Looking for motivation to keep learning? Join our wider discussions.

Learn more about how to use this guide.

Found a bug? Report it!

Have a question about your account or billing? Reach out to our customer support team!

None of the above? Find out where to ask other questions here!

Hi everyone,

I have a short question about the pattern parameter in the list.files() function.
In this lesson, to assing the list of files, one needs to type

student_files <- list.files(pattern = 'exams_.*csv')

Usually, I would assume that * would be the wildcard symbol, so that

student_files <- list.files(pattern = 'exams_*.csv')

would make more sense to me. Googling about wildcard characters for the pattern parameter in list.files() didn’t quite help me.
So why is it that the upper line of code works with the files exams_0.csv, exams_1.csv, …, exams_9.csv, while the line of code which makes more sense to me doesn’t?

Thanks,
Fready

I asked myself the exact same question and did not find an answer either.

I found it out by myself by now.

The string for the pattern parameter is a so called regular expression (regex).
A regex can contain stuff like ‘\d’, which would stand for any digit from 0-9.
The dot . is indeed the wildcard symbol, and an asterisk followed by either a character or an expression means that this expression can be repeated arbitrarily many times, even 0 times.
For an actual dot, one has to put a backslash before the dot.
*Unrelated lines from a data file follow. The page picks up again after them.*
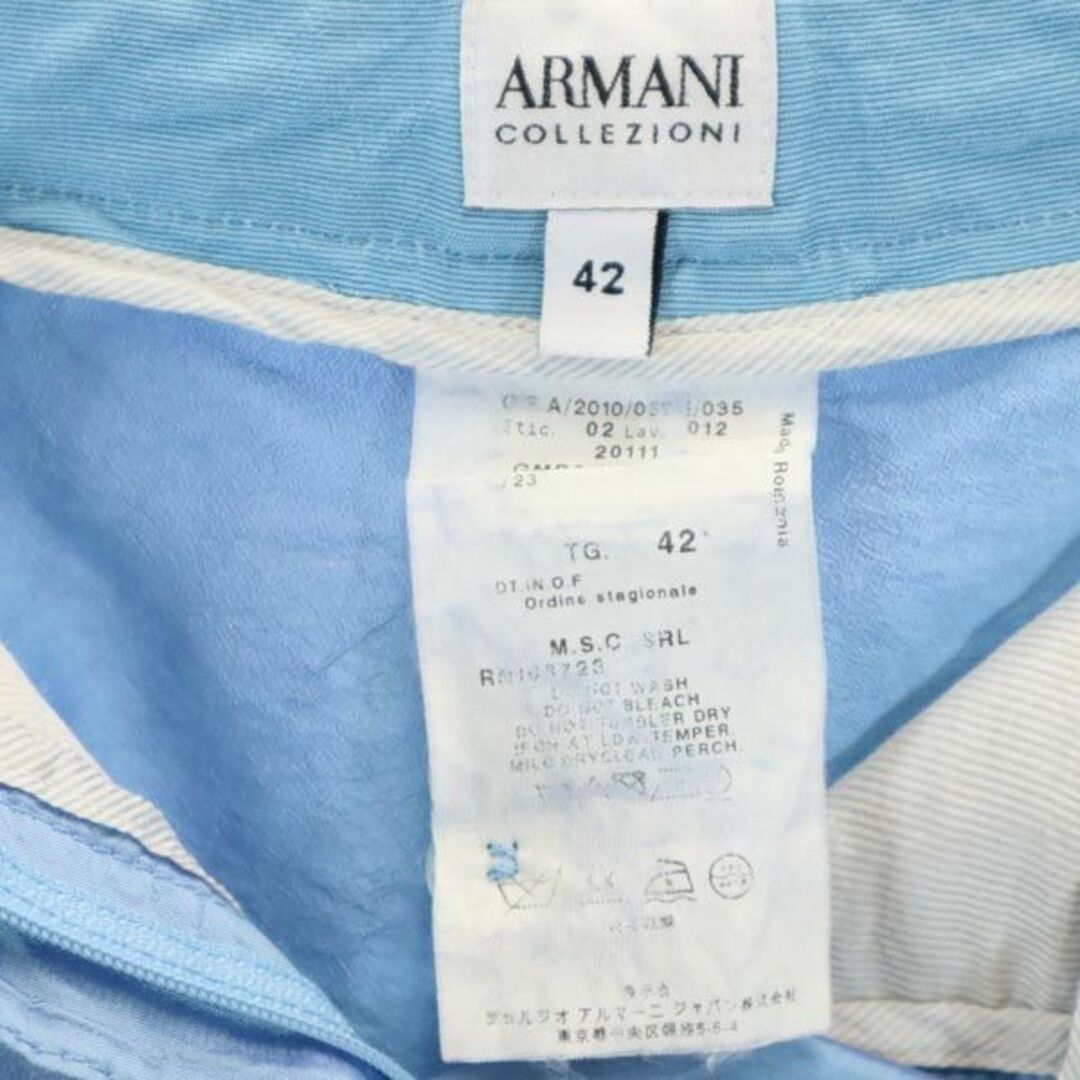 アルマーニ シルク100％ 7分丈 パンツ 42 水色 ARMANI レディース   【230702】 8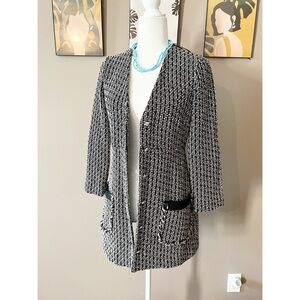 Zara Black Tweed Longline Coat
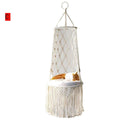 Hanging Hand‑woven Hammock Swing Cat Bed Boho  Pet Swing Nest Tassel Cat Sleeping Bed for Indoor Wall Ceiling Mount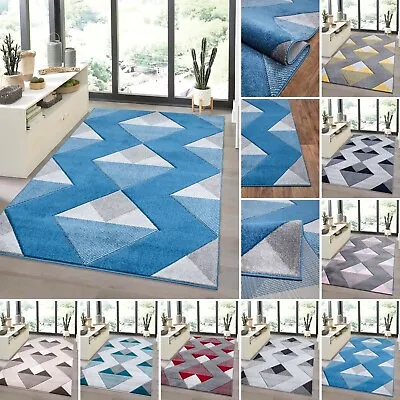 Luxury Zig Zag Rug Large Area Carpet Living Room Bedroom Hallway Runner Door Mat • £14.99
For example, the regex pattern ‘a(ha)*’ would match the string ‘aha’, but also the strings ‘ahahahahahaha’ and ‘a’.

The pattern ‘exams_.*csv’ thus means: Find any filename that contains the substrings ‘exams_’ and, somewhere after that, ‘csv’.
The string ‘yo_mama_so_stupid_she_failed_all_exams_twice_42_csv’ would match the pattern as well, and it doesn’t even contain a dot.

Instead of *, one can also use +, which would mean an arbitrary number of repetitions, but at least one occurence. Thus the pattern ‘a(ha)+’ would not match ‘a’ anymore, but still ‘aha’ and ‘ahahahahahaha’.
As I mentioned before, \d inside a pattern string stands for any digit, so

student_files <- list.files(pattern = 'exams_\d+\.csv')

This means: Find any filenames that contain the substring ‘exams_’, directly followed by one or more digits (given through \d+), directly followed by the substring ‘.csv’ (remember the backslash before the dot). However, the filename ‘bexams_000.csvvv’ will most likely also match this pattern, since regular expressions need extra specifications to require that a string begins or ends with a certain expression.

I refer to the following links:
https://www.regular-expressions.info/
https://automatetheboringstuff.com/chapter7/

I’ve read the latter one today, this is why I know about this now, and could give myself an answer. It’s a bit annoying that no one else answered us in (more than) a week…

Cheers!

I am almost wondering if this is a typo on CodeAcademy. Because if you look on say, StackOverflow, it appears the * wildcard functions like it does in other languages where it expects characters to be in that position.

Wish @codeacademy would offer clarity.